Image-caption web data
◆ ◆ ◆
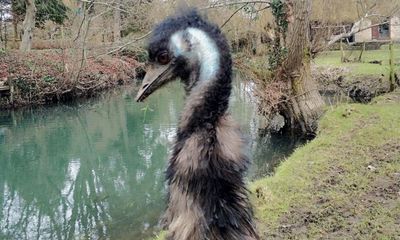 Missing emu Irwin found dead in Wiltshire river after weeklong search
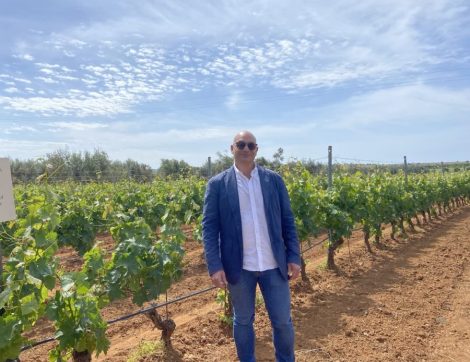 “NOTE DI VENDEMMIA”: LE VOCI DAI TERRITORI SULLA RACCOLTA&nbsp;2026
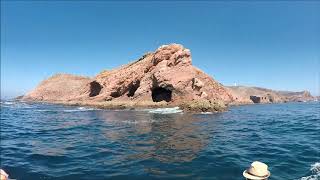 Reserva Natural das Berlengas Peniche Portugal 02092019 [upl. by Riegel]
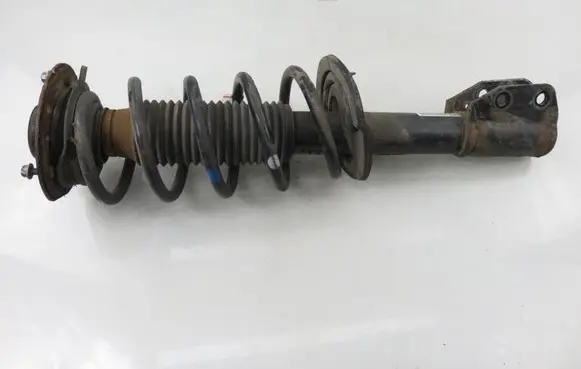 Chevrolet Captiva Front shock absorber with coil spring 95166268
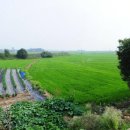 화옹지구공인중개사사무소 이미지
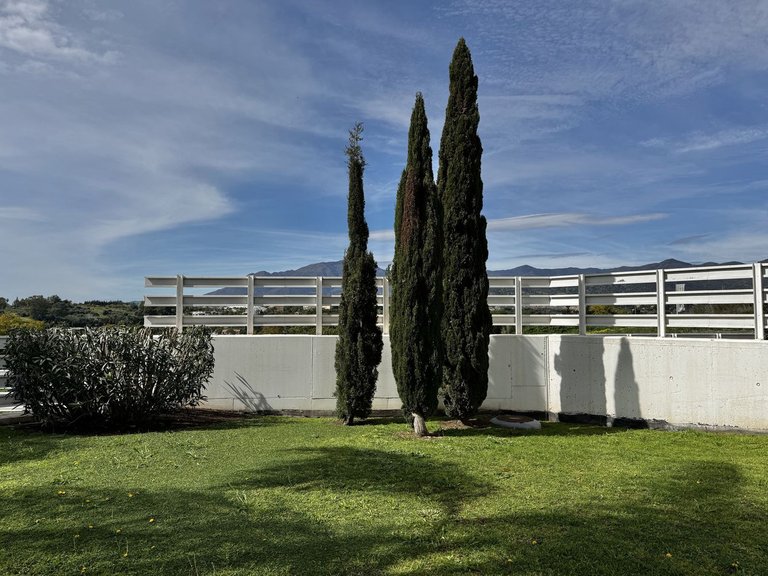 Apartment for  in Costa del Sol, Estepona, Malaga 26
◆ ◆ ◆
- _EXERCISE_: Exactness is what counts here: copy each entry as given and omit its pictures.

- _ANSWER TO THIS PROBLEM_:
 Missing emu Irwin found dead in Wiltshire river after weeklong search
 “NOTE DI VENDEMMIA”: LE VOCI DAI TERRITORI SULLA RACCOLTA&nbsp;2026
 Reserva Natural das Berlengas Peniche Portugal 02092019 [upl. by Riegel]
 Chevrolet Captiva Front shock absorber with coil spring 95166268
 화옹지구공인중개사사무소 이미지
 Apartment for  in Costa del Sol, Estepona, Malaga 26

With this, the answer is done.